David Capie, a research fellow and co-director of the Armed Groups Project at the Center of International Relations in Vancouver, Canada, has been researching Pacific small arms issues for many years. Capie says that, in regard to the issue of trafficking patterns for small arms in the Pacific, "There's a lot of hype about this right now, but in truth, there's very little organized trafficking. There's a lot of exaggerated claims. I'm not going to say there are no weapons being smuggled, but the real danger in places like the Solomon Islands, Vanuatu and Papua New Guinea is from weapons that are already there."

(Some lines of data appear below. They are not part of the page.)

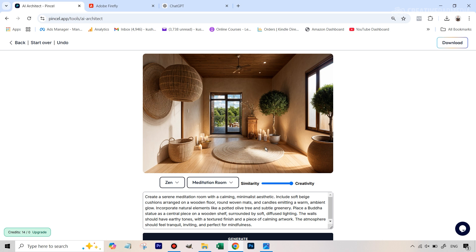It's safe to say that Firefly gives more importance to the prompt, whereas the Pencil AI Architect tool is more dependent on the style, room, and slider parameters. Both tools are still in early stages and still developing, but I'm very impressed with Pencil's AI Architect because it's very unique and I haven't come across anything like it in other AI apps. If you liked this video, give it a like, subscribe for more AI experiments for photographers, and I'll see you next time.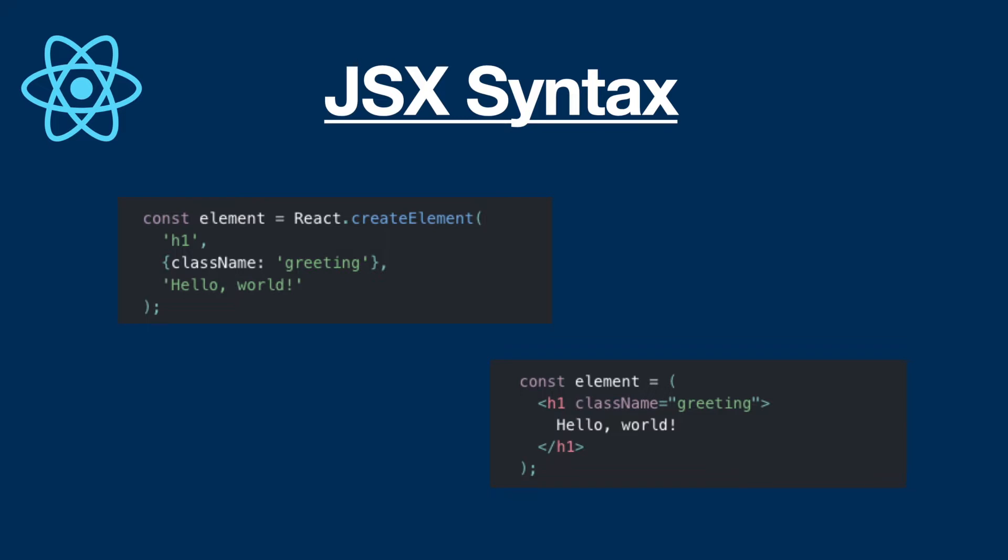And the second screenshot is exactly the same React element, but it has written as JSX. As we can see, it has a much cleaner and easier definition. So that's why we prefer to use JSX rather than ordinary JavaScript code.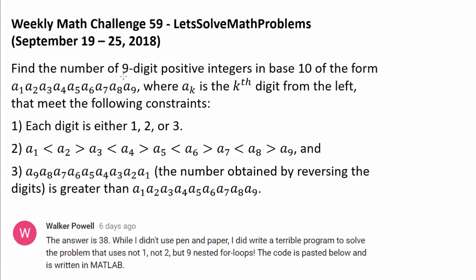Find the number of 9-digit positive integers in base 10 of the form a1, a2, all the way to a9, where a sub k is the kth digit from the left, that meet the following constraints. First, each digit is either 1, 2, or 3.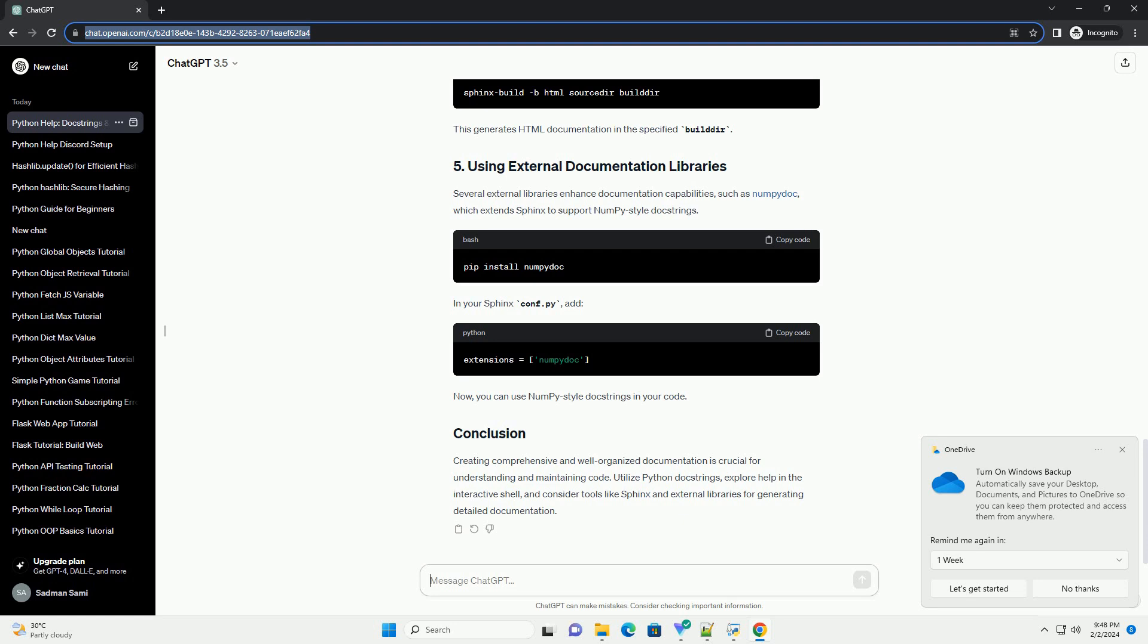Creating comprehensive and well-organized documentation is crucial for understanding and maintaining code. Utilize Python doc strings, explore help in the interactive shell, and consider tools like Sphinx and external libraries for generating detailed documentation.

Capie says the protection and security of armories is an issue all through the region. "Most of the weapons used in crime in the region actually started their lives as legal weapons. Either a house is burgled and guns are stolen that way, or a police or military armory loses track of their inventory or the weapons are outright stolen." One of the first questions in a recent four-person killing in Fiji was whether the weapon in question originated from the Fiji Defense Forces arsenal. (Police said it did not.) But guns that went missing during the 2000 coup are still circulating in the country and being used in crimes.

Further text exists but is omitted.